Valero Energy Corp. is adapting to the reality of cheap oil as it gears up to expand processing capacity to meet the growing demand of diesel and jet fuel.
The San Antonio-based company is expected to its increase processing operations by an additional 185 thousand barrels per day of light crude by the first half of 2016. According to a company investor presentation obtained by the San Antonio Business Journal, the corporation believes fuel demand will grow amidst globally low crude oil prices.
The world’s largest independent refiner employees 10,000 workers worldwide and owns 15 facilities. Globally, Valero has the potential to process 2.9 million barrels per day. In North America, the company estimates its current capacity at 1.21 million barrels with the expectation of future capacity to reach 1.395 million barrels per day by 2016.
This expansion is great news for the oil fields in Eagle Ford. Although lower crude prices may temporarily constrain production growth rates, Valero stated to investors that this leaves refiners with an economic advantage. U.S. and Canadian crude oil, natural gas, and natural gas liquids (NGLs) production growth is providing cost benefits to refiners looking for inexpensive product. Additionally, transporting crude through pipeline, tanker trucks and waterways remain at an attractive low for refiners. The added coast of transportation is roughly $1 to $4 per barrel.
Moreover, Valero’s McKee refinery north of Amarillo is anticipated to process an additional 25 million barrels a day by the second half of 2015. By the first half of 2016, the refining corporation expects to expand capacity to 90 million barrels per day in its Houston refinery and 70 million barrels at its Corpus Christi light crude refinery.
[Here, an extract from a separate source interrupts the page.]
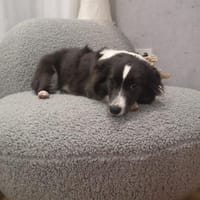 Leni, kleine Junghündin, Hündin zur Adoption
San Antonio Business journal reported that during the investor presentation, Valero officials stated that the light crude for both the Houston and Corpus Christi refineries will likely come from the Eagle Ford Shale-producing region of Southern Texas. Figures offered by Valero show that the upgrades to the Houston facility will cost $400 million while the Corpus Christi project will cost $350 million.